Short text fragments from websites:
★ ★ ★ ★ ★ ★ ★
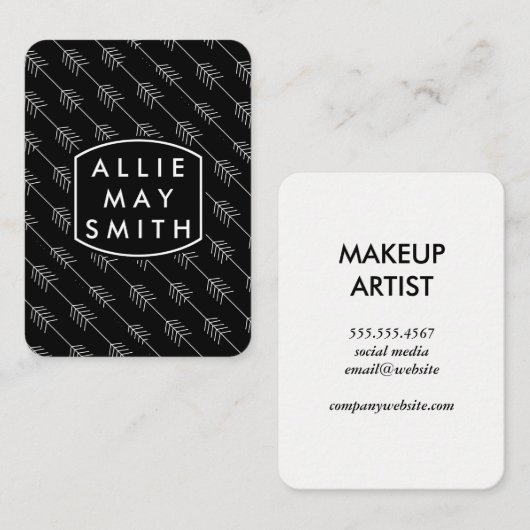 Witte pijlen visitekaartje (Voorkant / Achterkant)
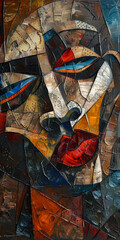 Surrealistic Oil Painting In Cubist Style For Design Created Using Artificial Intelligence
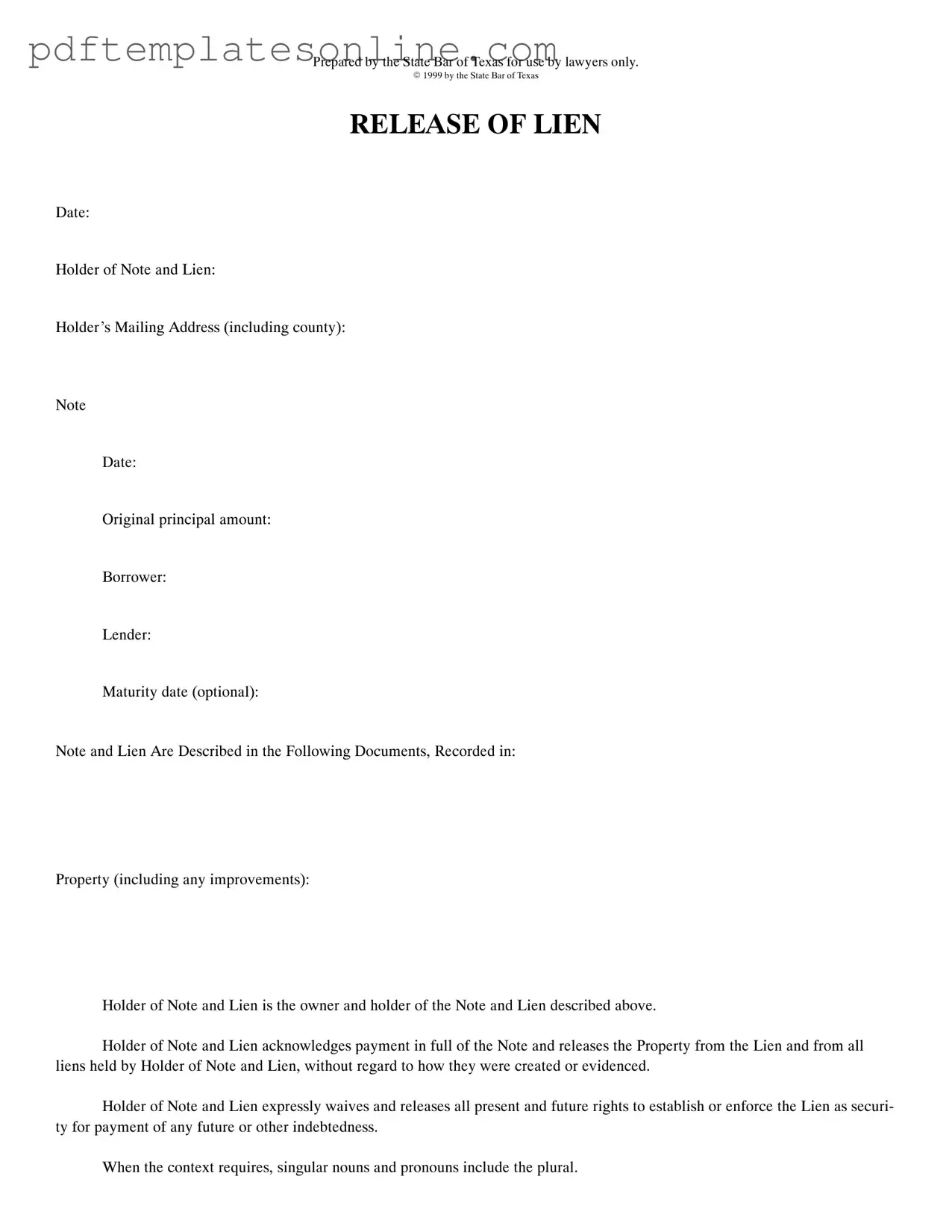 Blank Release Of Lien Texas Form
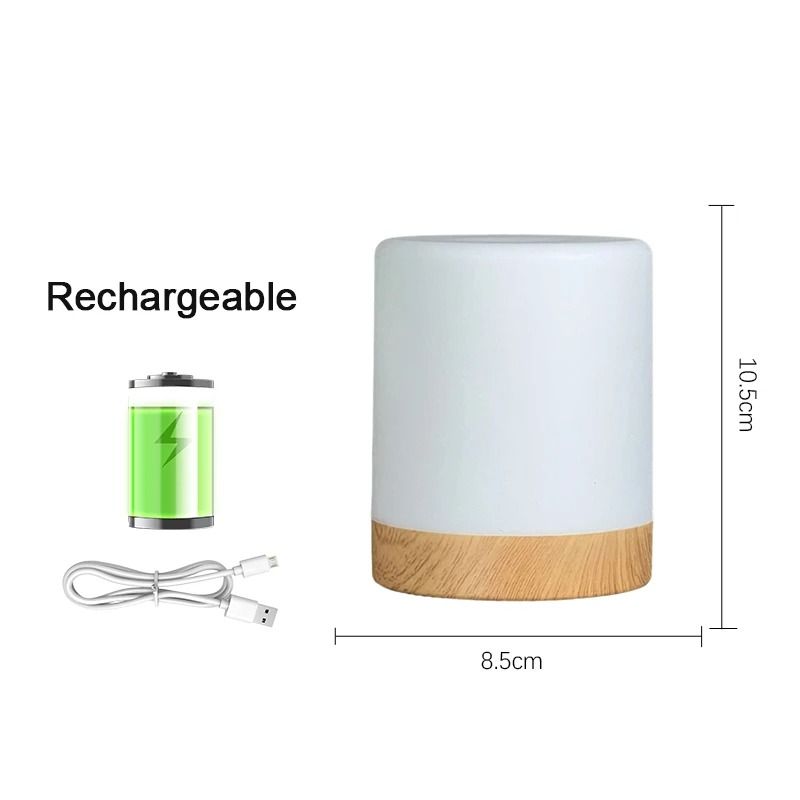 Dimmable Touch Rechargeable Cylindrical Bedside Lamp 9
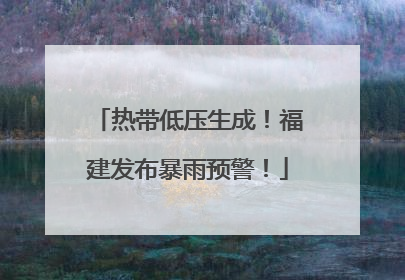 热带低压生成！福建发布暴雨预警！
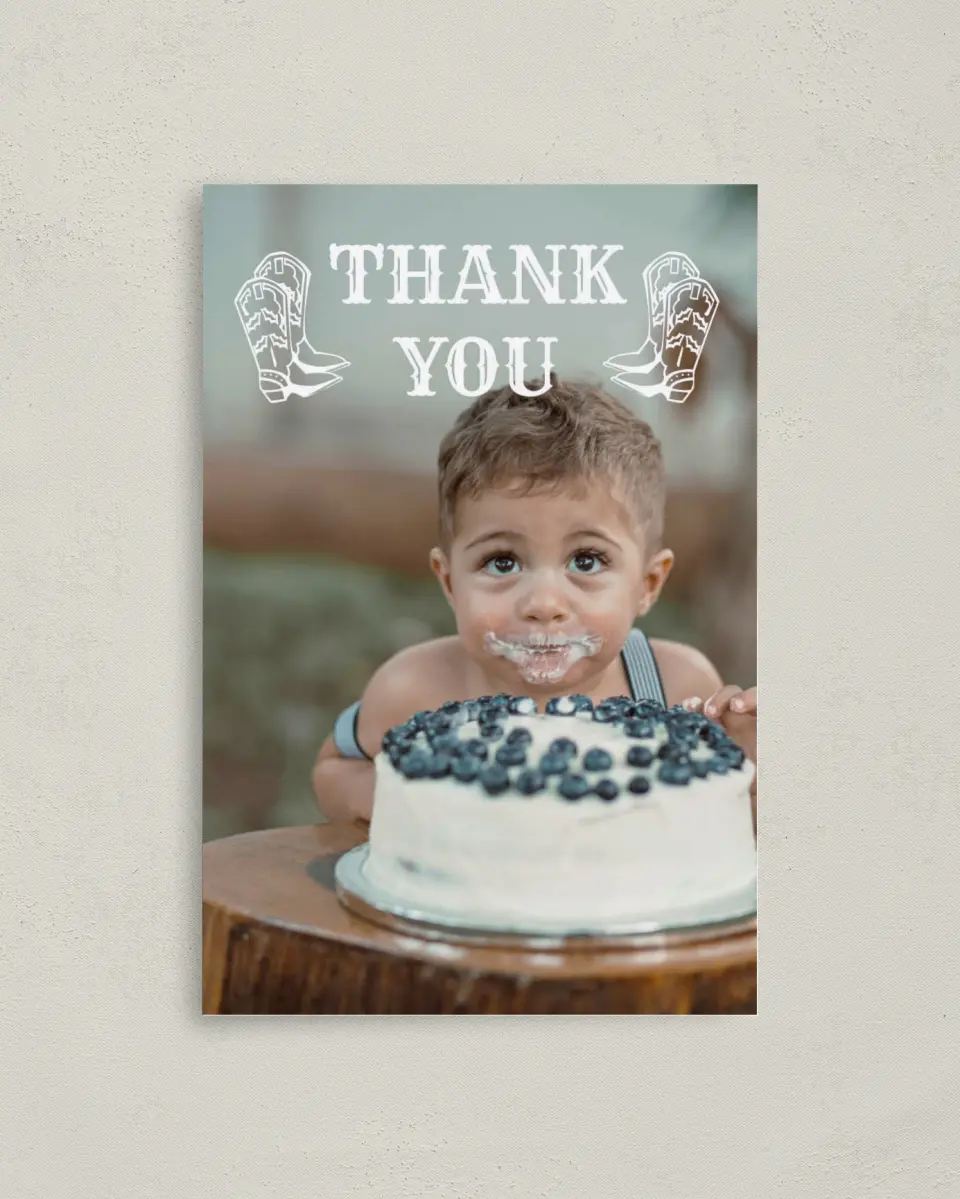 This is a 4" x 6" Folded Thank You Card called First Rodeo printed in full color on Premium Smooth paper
★ ★ ★ ★ ★ ★ ★
### What to do
Return the lines above exactly; the images are not part of the copy.

### Your response
 Witte pijlen visitekaartje (Voorkant / Achterkant)
 Surrealistic Oil Painting In Cubist Style For Design Created Using Artificial Intelligence
 Blank Release Of Lien Texas Form
 Dimmable Touch Rechargeable Cylindrical Bedside Lamp 9
 热带低压生成！福建发布暴雨预警！
 This is a 4" x 6" Folded Thank You Card called First Rodeo printed in full color on Premium Smooth paper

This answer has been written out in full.